Agus menilai pergerakan nilai dolar AS ini juga dikarenakan rencana sanksi yang diberikan oleh negeri Paman Sam tidak dikeluarkan pada saat perundingan nuklir.
Penyebab lain menguatnya dolar AS juga karena sentimen positif terhadap ekonomi negeri adidaya tersebut.
Kenaikan suku bunga acuan 7 Days Repo Rate sebesar 25 basis poin (Bps) menjadi 4,5% pun sudah cukup untuk menstabilkan sektor keuangan nasional, karena ditambah dengan bauran kebijakan moneter lainnya.
"Ini konsisten untuk menjaga stabilitas sistem keuangan Indonesia di tengah situasi dunia yang sedang penuh ketidakpastian, namun tentu kita nggak bisa lepas dari kondisi nilai tukar terhadap mata uang dunia lainnya khususnya dengan US$," jelas Agus.
Agus menambahkan kondisi nilai tukar dolar AS yang sempat menyentuh Rp 14.200 pun tidak akan mengembalikan Indonesia seperti krisis pada 10-20 tahun lalu.
Kondisi perekonomian Indonesia saat ini jauh lebih baik dibandingkan dengan 10-20 tahun yang lalu.
"Dilihat dari cadangan devisa, kondisi modal perbankan yang berada di level 22%, kredit macet di bawah 3%, dan adanya LPS yang menjamin deposito.
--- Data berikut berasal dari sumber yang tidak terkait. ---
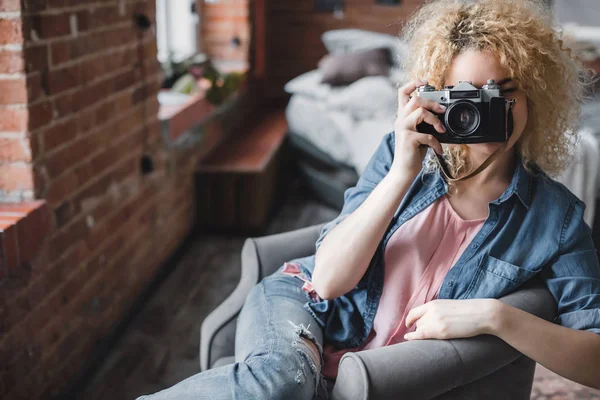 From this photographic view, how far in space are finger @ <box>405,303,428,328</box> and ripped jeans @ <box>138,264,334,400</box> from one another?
17 centimetres

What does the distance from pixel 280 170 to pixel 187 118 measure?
0.95 meters

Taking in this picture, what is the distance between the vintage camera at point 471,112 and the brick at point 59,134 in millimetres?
908

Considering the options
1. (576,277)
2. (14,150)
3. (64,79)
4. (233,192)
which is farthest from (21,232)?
(233,192)

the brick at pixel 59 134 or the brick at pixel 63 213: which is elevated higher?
the brick at pixel 59 134

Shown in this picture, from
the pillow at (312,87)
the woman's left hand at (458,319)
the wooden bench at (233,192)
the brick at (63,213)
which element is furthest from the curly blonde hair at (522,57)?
the pillow at (312,87)

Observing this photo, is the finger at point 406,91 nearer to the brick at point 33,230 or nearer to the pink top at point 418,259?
the pink top at point 418,259

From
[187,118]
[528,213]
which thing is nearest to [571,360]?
[528,213]

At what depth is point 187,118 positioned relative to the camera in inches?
108

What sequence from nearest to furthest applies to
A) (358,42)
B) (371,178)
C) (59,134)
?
(371,178), (59,134), (358,42)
Kita kan baru melakukan KSSK dan riview semua dan kita melihat semua dalam keadaan stabil," tutup dia.
Menanggapi hal itu nilai tukar Rupiah yang kiam terpuruk, Menteri Koordinator Bidang Kemaritiman Luhut Binsar Panjaitan juga senada dengan BI.
Dia menilai pelemahan rupiah masih sejalan dengan pergerakan ekonomi dunia sehingga tidak perlu dikhawatirkan.
"Rupiah Rp 14.000 sekian per US$ 1, tapi fundamental ekonomi Indonesia masih sangat bagus dan masih sangat percaya diri. Kalau kita lihat perekonomian Amerika juga bergerak. Kita harus menghadapi isu ini," ujarnya.
Luhut mengatakan, pemerintah masih percaya bahwa fundamental ekonomi Indonesia sangat bagus. Hal tersebut sesuai dengan pergerakan ekonomi secara global.
Untuk pelemahan Rupiah, dia menilai semua mata uang dunia sedang mengikuti pergerakan dari penguatan dolar. Sehingga tidak ada yang perlu dikhawatirkan masyarakat.
"Dolar saya kira it is ok karena dia masih sejajar dengan pelemahan curency dunia jadi tidak kita sendiri yang tiba-tiba naik jadi saya kira tidak ada yang perlu dikhawatirkan," sambungnya.